Since 2012, the Helping Expedite and Advance Responsible Tribal Homeownership Act (HEARTH Act) has been helping tribes improve and develop their own laws governing leasing of federal tribal trust lands for residential, business, renewable energy and other purposes. On Thursday, the Seminole Nation of Florida became the first federally recognized tribe of 2015 to be formally approved under the Act.

As part of President Barack Obama’s commitment to empowering American Indian and Alaska Native tribal nations, Secretary of the Interior Sally Jewell and Bureau of Indian Affairs Director Michael Black joined James E. Billie, Seminole chairman, in a signing ceremony. The ceremony officially gives the tribe the right to set leasing regulations that will help spur investment and commercial development on the Seminole Nation's reservation according to an Interior press release.

“The Seminole Tribe of Florida will now decide for itself how it wants to do business on its lands – from making it easier for families to buy and build houses to opening businesses in the communities where they have lived for generations,” said Secretary Jewell, who also serves as chair of the White House Council on Native American Affairs. “Today’s agreement will encourage economic development and help create jobs while strengthening tribal sovereignty and self-determination by putting these decisions back in the hands of the tribe.”

“This is an important day for the Seminole Tribe, which will be able to process residential and business leases without the need for BIA approval,” Billie said. “This authority will allow the tribe to better serve its members and create new opportunities for economic development on the tribe’s reservations. We appreciate the Department’s assistance in working with the tribe through the approval process.”

“The Seminole Tribe’s endeavors contribute to the local, state and regional economies and the tribe’s leasing initiative will further that economic vitality and contribution,” Black said.

The Seminole Nation of Florida covers six component reservations: Big Cypress, Brighton, Fort Pierce, Hollywood, Immokalee and Tampa. Government officials from all reservations as well as tribal council members were in attendance for the signing ceremony held at Seminole Nation headquarters.

Plans have already been discussed by the tribe, who will look to put its new authority to use for business, residential and biomass energy development projects.
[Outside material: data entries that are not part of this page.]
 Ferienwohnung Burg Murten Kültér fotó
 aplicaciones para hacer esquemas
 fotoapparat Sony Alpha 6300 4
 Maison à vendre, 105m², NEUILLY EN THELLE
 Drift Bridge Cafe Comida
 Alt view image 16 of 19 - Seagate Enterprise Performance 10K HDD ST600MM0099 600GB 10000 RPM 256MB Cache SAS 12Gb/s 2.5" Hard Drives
Other projects being discussed are: cultural, educational, recreational, spiritual and more.

The Seminoles are the 15 tribe since the Act was signed into law in 2012. There are an additional 14 other tribes currently waiting for approval. A complete list can be seen here.
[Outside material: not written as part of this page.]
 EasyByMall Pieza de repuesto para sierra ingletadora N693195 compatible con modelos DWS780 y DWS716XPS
When the HEARTH Act was passed in 2012 it paralleled an effort by Interior to overhaul and streamline the BIA regulations for tribal leasing. Interior currently serves as trustee to about 56 million surface acres in Indian country. New regulations were finalized in December of 2012 ultimately changing the way the BIA has done business in Indian country by “providing clarity by identifying specific processes – with enforceable timelines – through which the BIA must review leases,” the press release states.

In an October 2013 column for ICTMN, John Tabinaca Plata, Comanche Nation of Oklahoma and partner with Hobbs, Straus, Dean and Walker, LLP in Washington, D.C. said, “While securing lease approval authority under the HEARTH Act does not provide a cure-all for tribal leasing concerns – it is an excellent start.”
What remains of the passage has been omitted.